Can you hear me, can you hear me?

- Rain, The Beatles
I took a walk in the rain just now.
I don't know what compelled me to do so.
It was in the wee hours at night and the park was empty,
dimly lit up by the stoic lamps.
There was only the pouring rain...
Those glistening and hypnotic drops falling from the sky.

The first step out was...liberating
Cold, wet drops falling relentlessly on your skin
in your eyes, on your hair, in your mouth.
Each drop releasing the pressures
Each drop freeing the deadlines present,
Each drop dissolving the jadedness.

I felt happy!
I sang out aloud for those few minutes!
I don't know why they hate the rain.
Why they are even...fearful...of the rain.
"Can you hear me, that when it rains and shines,
It's just a state of mind?"

The Sheep Experiment
Friday, January 6



An experiment was conducted recently to get people's responses to getting unsolicted messages containing what would appear to be rubbish to most people. The experiment involved sending out a SMS containing the words 'The sheep will fly some day' to 13 nice people. I wanted to key in random numbers and send messages out to complete strangers but the possibility of seeing my number on the back of toilet doors with pornographic offers scribbled beside it isn't exactly the nicest thought. Anyway, here are their replies.

A: How about cows?
J: Mai kao chai1 .. Care to explain?
S: You go crazy already ah kok? If sheep fly i make sure cow will fly too!
W: one day sheep will have dreams.
N: What rubbish? You act stupid is it?
Y: let e killing begin..
W: The cows will swim one day
C: Mad ah
S: Very good.
C: I thought i just saw one today.
R: (NO REPLY)
G: (NO REPLY)
J: (NO REPLY)

Based on these replies, I have concluded that there is nothing to conclude except that 3 of the people surveyed have a similar affection for cows and 3 people have either been left dumbstruck by the bizarre sentence or have faulty handphones.

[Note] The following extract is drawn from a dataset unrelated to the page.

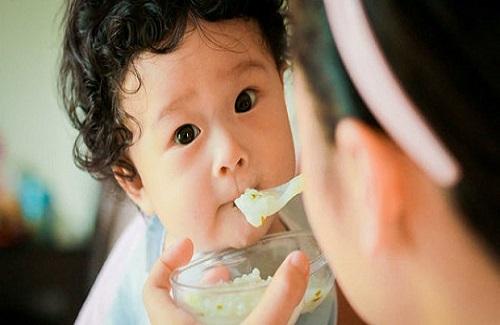 Vi chất dinh dưỡng cho trẻ phát triển thể lực tăng cường sức đề kháng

In this paragraph I will throw in some redundant formula in an attempt to make the experiment look more meaningful. With a 95% confidence interval we will calculate Upper and Lower Limit (xbar +- zprob (s/sqrt n) and get 22.5327938 to 23.6199862 which is probably wrong since I'm unable to get a value for the standard deviation (s) and its been ages since I did stuff like this anyway.

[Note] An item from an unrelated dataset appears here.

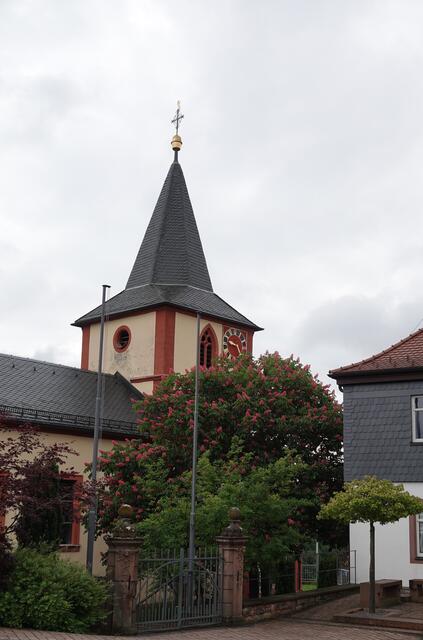 Pfarrkirche St. Mauritius in Heppdiel: Eine Vigilmesse gab es schon am Vorabend von Pfingsten.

I hope when I grow old I will find a nice place in the mountains and live there alone for the rest of my life and take care of sheep and play bongo drums every morning and shout 'YARALADLAARRRR!!!!!!!'. Thank you and have a nice day :)

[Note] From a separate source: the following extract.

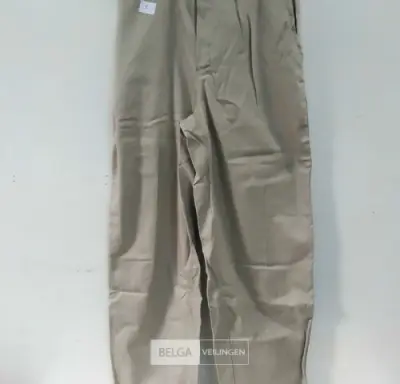 1 x Werkbroek beige safe worker 54 – kavel bij Belga Veilingen, Oudsbergen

1 Mai Kao Chai is Thai and means 'I don't understand'. It might have been a typo error too and the person might have meant to type Mai Ka Chiao

'very good!'
Thursday, January 5

This morning I went to the hospital because the big green monstrous thing called the Army said so. I was there for some heart scan because the nerdy army doctor who checked on me in an earlier medical and saw me in my full glory decided there was something funny with my heart and decided to waste some taxpayers money to check on it. At least there was nothing funny about some other part where the sun doesn't shine that needed checking! That part is more important than the heart okay!!! (And that last line rhymed okay!)

So with only 2 hours sleep (I was up till 5am watching...you guessed it! The Simpsons!!! say yay!!!), I dragged myself to the hospital for the scan and it turned out to be some Biology lesson for the technician over there instead. Lying on the bed and hearing the doctor ask the technician who's doing the scanning to point out to him the 'Left Anterior' and 'Pulmonary Artery' and hearing the technican point them all out wrongly isn't the most assuring thing you know. And hearing the technician mumbling something about lots of white things while scanning too.

But anyway, at the end of it, the doctor said my heart was 'very good!' and that nothing was wrong and that the army sent me there really to be a test subject for aliens in disguise at the hospital who had promised not to attack Planet Earth in return for human test subjects (okay I made that up).